The 62nd Grammy Awards had to contend with a lot of baggage when it aired on January 26. Ten days before the show, the Recording Academy removed its chief, Deborah Dungan, over allegations of misconduct. Dungan countered the Academy’s firing by suing them for negligence and abuse of power. “It’s been a hell of a week,” said host Alicia Keys in her opening monologue.
Keys was also tasked with lifting up spirits after the surprising and tragic death of NBA star, Kobe Bryant, who died with his daughter and several other passengers in a helicopter crash earlier that day. “We’re literally standing here, heartbroken, in a house that Kobe Bryant built,” said Keys to a somber crowd inside the Staples Center where Bryant played for twenty seasons with the Lakers. “We never imagined in a million years we’d have to start a show like this.” Keys was then joined by Boyz II Men for an emotional tribute to Bryant, singing “It’s So Hard to Say Goodbye to Yesterday.”
After a somber introduction, Lizzo—who had eight nominations—opened the show with an exuberant medley of “Cuz I Love You” and “Truth Hurts.” Joined by a troupe of ballet dancers and a small orchestra, Lizzo commanded the stage, proudly showing off her raw vocals and dance skills. The highlight of her set was when she demonstrated her instrumental dexterity by ripping out a sparkling flute that descended from mid-air and blowing on it—an entertaining display of her unspoken talents. Lizzo would go on to win Best Pop Solo Performance, Best Traditional R&B Performance, and Best Urban Contemporary Album.
As the show continued, it became obvious that the Recording Academy focused more on celebrating young artists and their ascent throughout the past year. Lil Nas X, whose “Old Town Road” spent nineteen weeks at number one in 2019, giddied up on the stage with K-Pop supergroup BTS, child yodeler Masey Ramsey, and banjo-strummer Diplo. Billy Ray Cyrus who appeared on one of the never-ending remixes also joined Lil Nas X for the performance. It was an unexpected but on-brand performance for the rapper who won two of the six Grammys he was nominated for.
Another rapper, Tyler, the Creator, turned the Grammy stage into his own apocalypse with a burning house, zombie-walking dancing, and mosh-pitting. R&B staples Charlie Wilson and the aforementioned Boyz II Men joined Tyler for “Earfquake” before transitioning to “New Magic Wand.” The theatrics were reminiscent of Eminem’s satirical MTV Video Music Awards performances and felt a little displaced at the Grammys.
Shortly after the performance, Tyler won his first Grammy for Best Rap Album for IGOR. “I don’t know if he’s here, but I really want to thank Pharrell Williams,” he said in his acceptance speech. “That man has allowed me to be comfortable with myself and has opened up doors that you guys cannot imagine […] so thank you, P.” (Tyler was less appreciative in the press room, slamming the Grammys for categorizing his music as urban).
The biggest winner of the night by far was Billie Eilish who swept four of the five major awards: Best New Artist, Best Pop Vocal Album, Best Record of the Year, Best Song of the Year, and Album of the Year.

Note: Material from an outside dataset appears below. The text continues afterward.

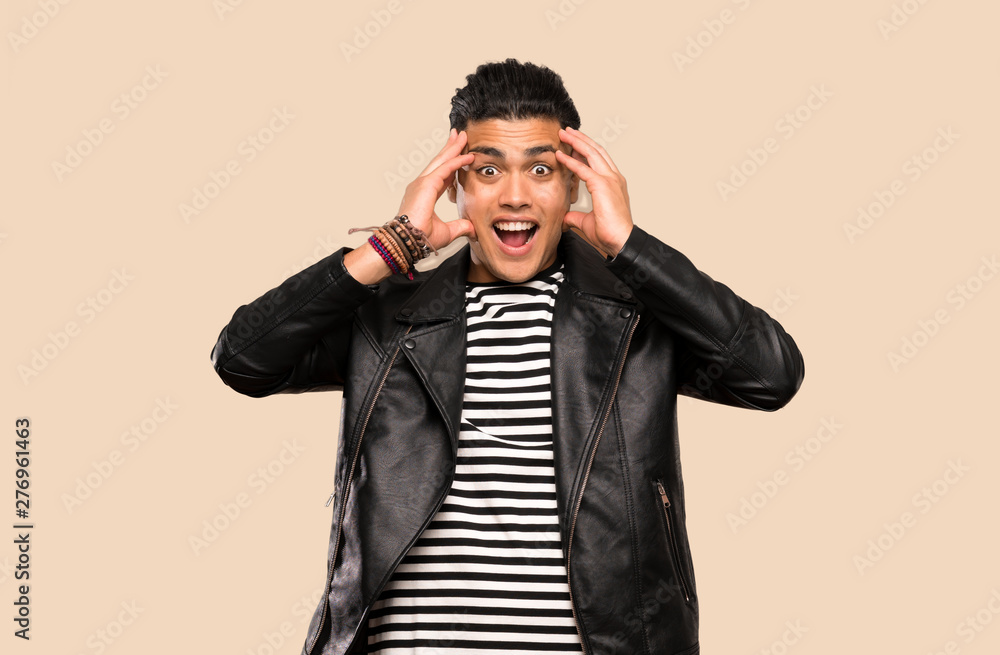 Young man with surprise expression over isolated background Young man with surprise expression over isolated background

Eilish became the youngest artist to win four Grammy awards since Christopher Cross in 1981. The wins capped off a breakthrough year for the eighteen-year-old whose alt-pop album When We All Fall Asleep, Where Do We Go received critical and commercial acclaim for exploring themes of drug addiction, mental health, climate change, and heartbreak.

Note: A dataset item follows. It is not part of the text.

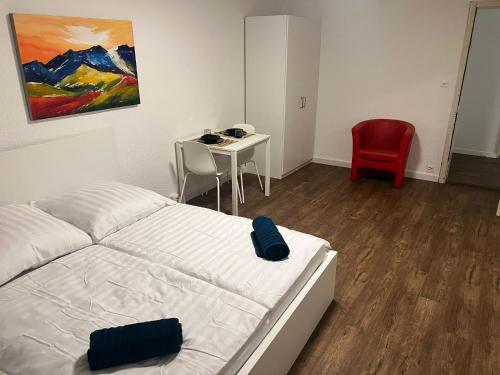 a bedroom with a bed and a table and a chair at Central Living Brugg - Studio 11 in Brugg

Eilish appeared to be overwhelmed with her wins, having been caught by the cameras mouthing, “please don’t be me” before the winner of Album of the Year was announced. Eilish admitted that Ariana Grande who performed a medley of hits earlier in the show should’ve won the award. “Can I just say I think Ariana deserves this?” she said before signing off with an awkward “thanks, bye!” on stage.
Other memorable performances included DJ Khaled, who paid tribute to the late Nipsey Hussle, and Demi Lovato, who made a triumphant return to the stage after her overdose two years ago.

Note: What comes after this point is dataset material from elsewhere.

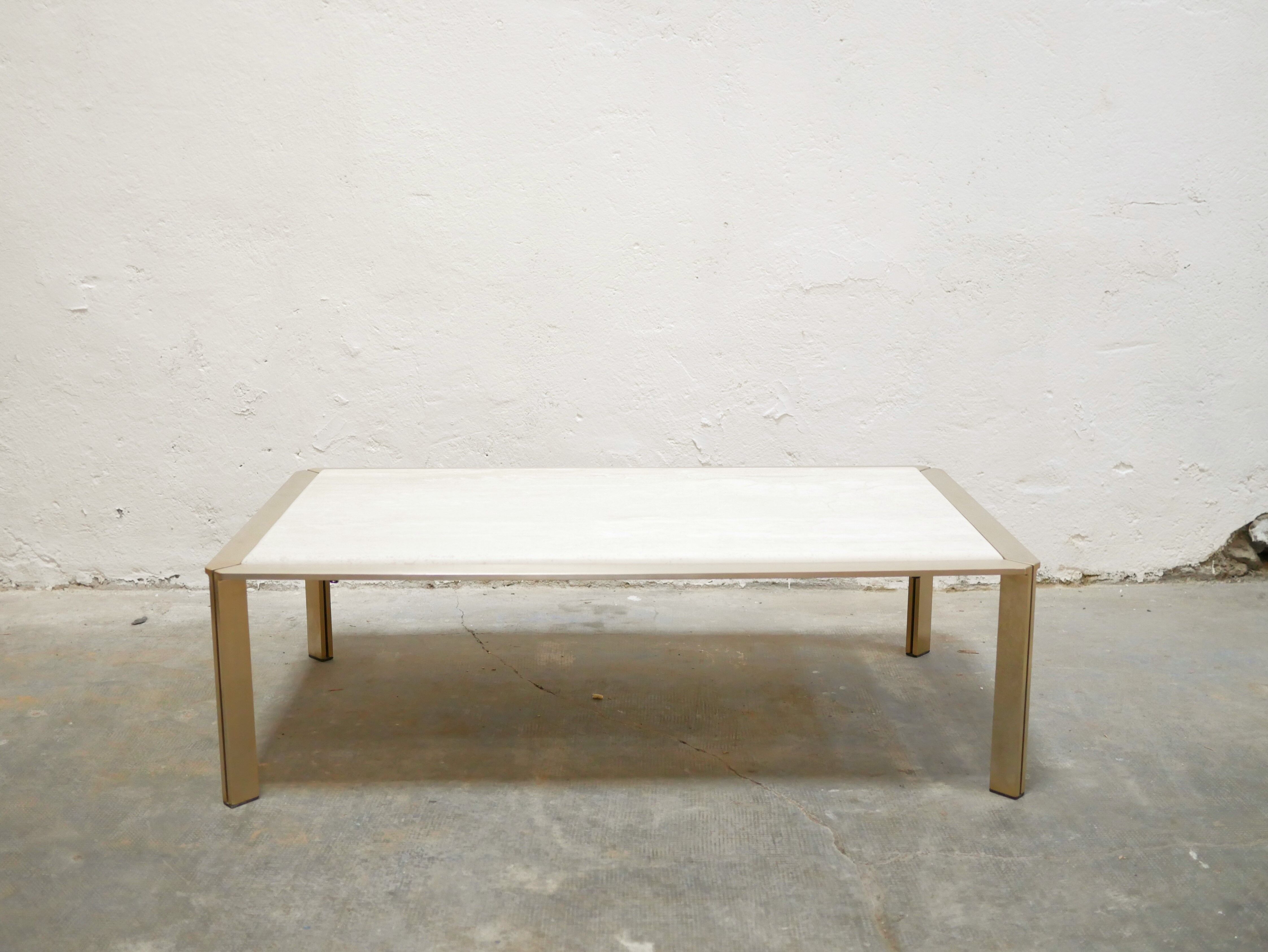 Vintage coffee table in travertine and brass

Although the telecast was mostly dominated by young artists, groups like Run DMC reunited with Aerosmith to sing their hits “Living On The Edge” and “Walk This Way.” Usher did his best Prince impression with “Little Red Corvette” while Cyndi Lauper ended the show with “I Sing The Body Electric” with Common and a slew of other artists.
Overall, the Grammys did a serviceable job of showcasing all the new talent in music while trying its best not to alienate long time viewers. However, it’s obvious that the Grammys are losing its star power with many big-name musicians like Taylor Swift and Drake skipping the ceremony because of the aforementioned controversies (Swift was rumoured to be a surprise performer but pulled out at the last minute).
It remains to be seen what the Grammys can do to repair its image and relevancy to music audiences, but one thing’s for sure: millennials are the future of music.